Member of Chhattisgarh Legislative Assembly
- Incumbent
- Assumed office 8 December 2013
- Preceded by: Kheduram Sahu
- Constituency: Dongargaon

Personal details
- Born: Daleshwar Sahu 11 February 1967 (age 59) Rajnandgaon, Chhattisgarh, India
- Party: Indian National Congress
- Spouse: Jayashree Sahu
- Occupation: Politician

= Daleshwar Sahu =

Indian politician

Daleshwar Sahu (born 11 February 1967) is an Indian politician from Chhattisgarh. He is a three time MLA from the Dongargaon Assembly constituency, representing the Indian National Congress. in Chhattisgarh Legislative Assembly.

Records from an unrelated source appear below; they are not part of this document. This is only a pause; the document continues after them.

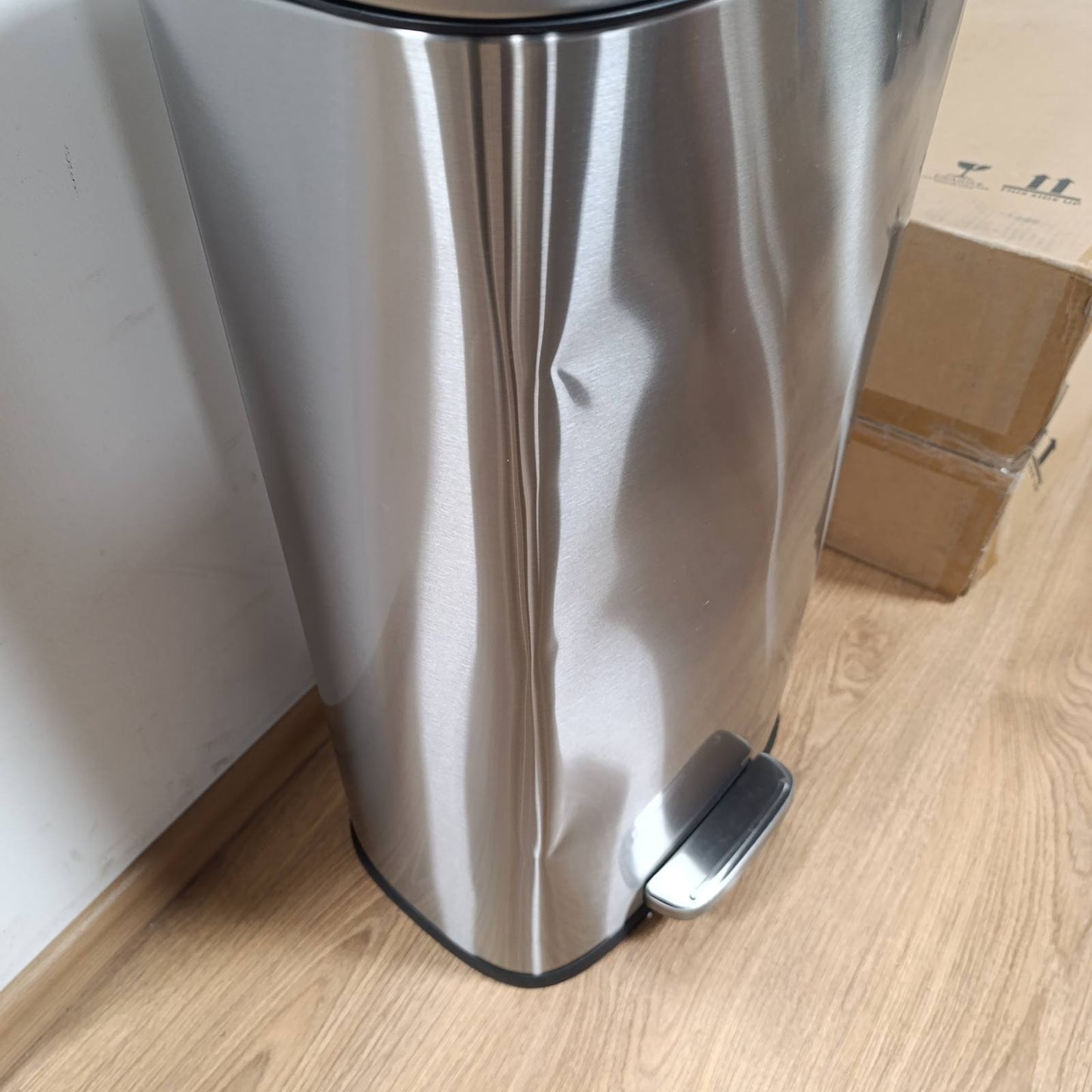 187218 - AMAZON BASICS Koshi i Plehrave Drejtkëndor me Mbyllje të Butë, Kapacitet 30 L (7.9 Gallon), Materiali Nikel Saten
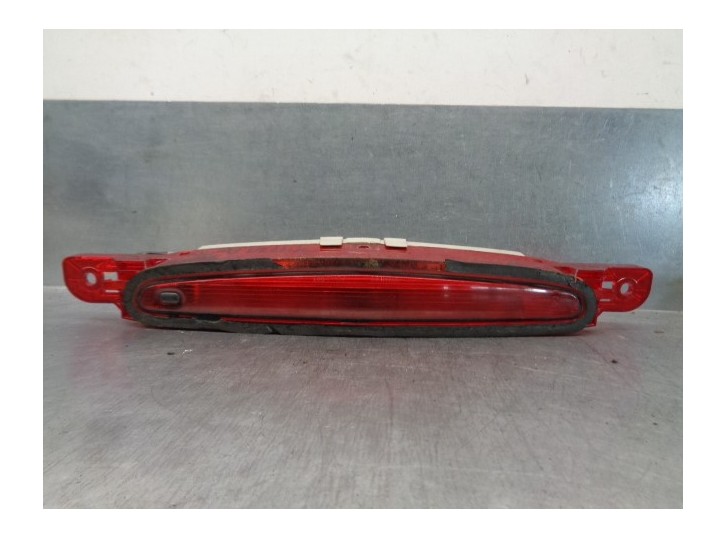 Replacement center high-mounted stop light for Mazda 3 Saloon (BL) 2.2 turbodiesel cat OEM IAM reference BBM551580H 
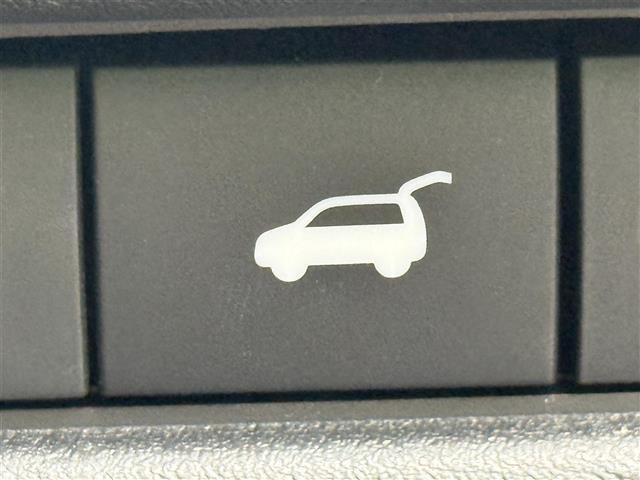 【パワーバックドア】荷物を抱えた状態でもスイッチ操作によるリアゲートの開閉が可能です☆お買い物時やアウトドアの際に役立ちますね♪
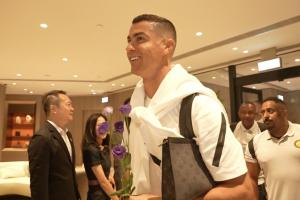 利雅得胜利官方晒图：C罗随队抵达中国香港，备战沙特超级杯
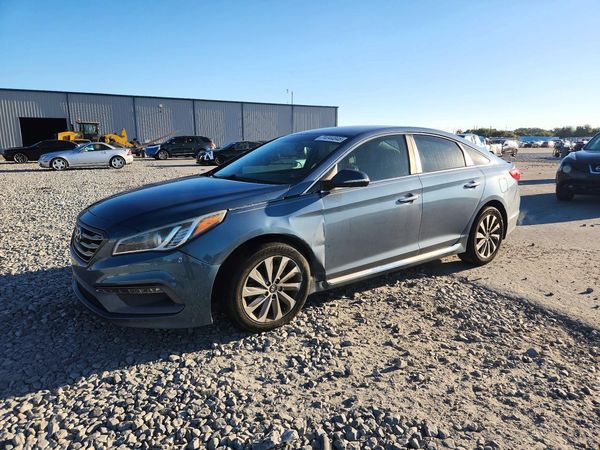 2015 HYUNDAI SONATA — Front 3/4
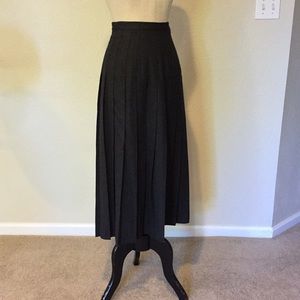 Field Manor gray flannel wall pleated skirt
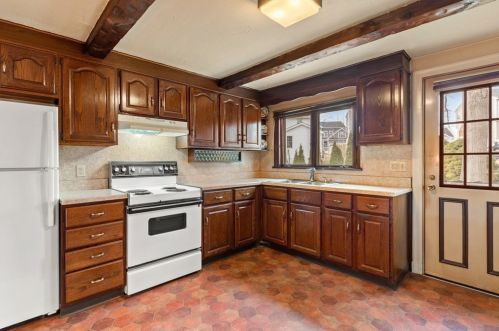 37 Spruce St, Milton MA 02186-4633 exterior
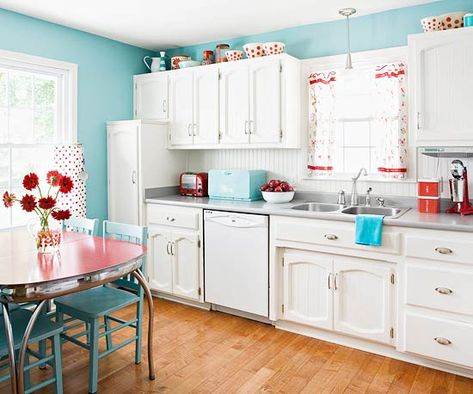 If you're not ready to commit to walls in red, add the color in small doses through the use of accessories. Red Teal Kitchen, Red And Teal Kitchen, Kitchen Upcycle, Luna Kitchen, Kitchen Color Red, Aqua Kitchen, Trendy Kitchen Colors, 50s Diner, Turquoise Kitchen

== Early life and education ==
Sahu is from Dongargarh, Rajnandgaon District, Chhattisgarh. His father, Kanwal Singh Sahu, is a farmer. He completed his Class 12 in 1986 at Sarvesharghas Nagar Palika, Rajnandgaon, and later did a diploma in singing in 1990 at Indira Kala Sangeet University, Khairgarh.

==Career==
Sahu first became an MLA, winning the 2013 Chhattisgarh Legislative Assembly election. He polled 67,755 votes and defeated his nearest rival, Dinesh Gandhi of Bharatiya Janata Party, by a margin of 1,698 votes. He retained the seat for the Indian National Congress in the 2018 Assembly election, winning by a margin of 19,083 votes. He won for a third consecutive term in 2023 to become a three time MLA from Dongarhgaon.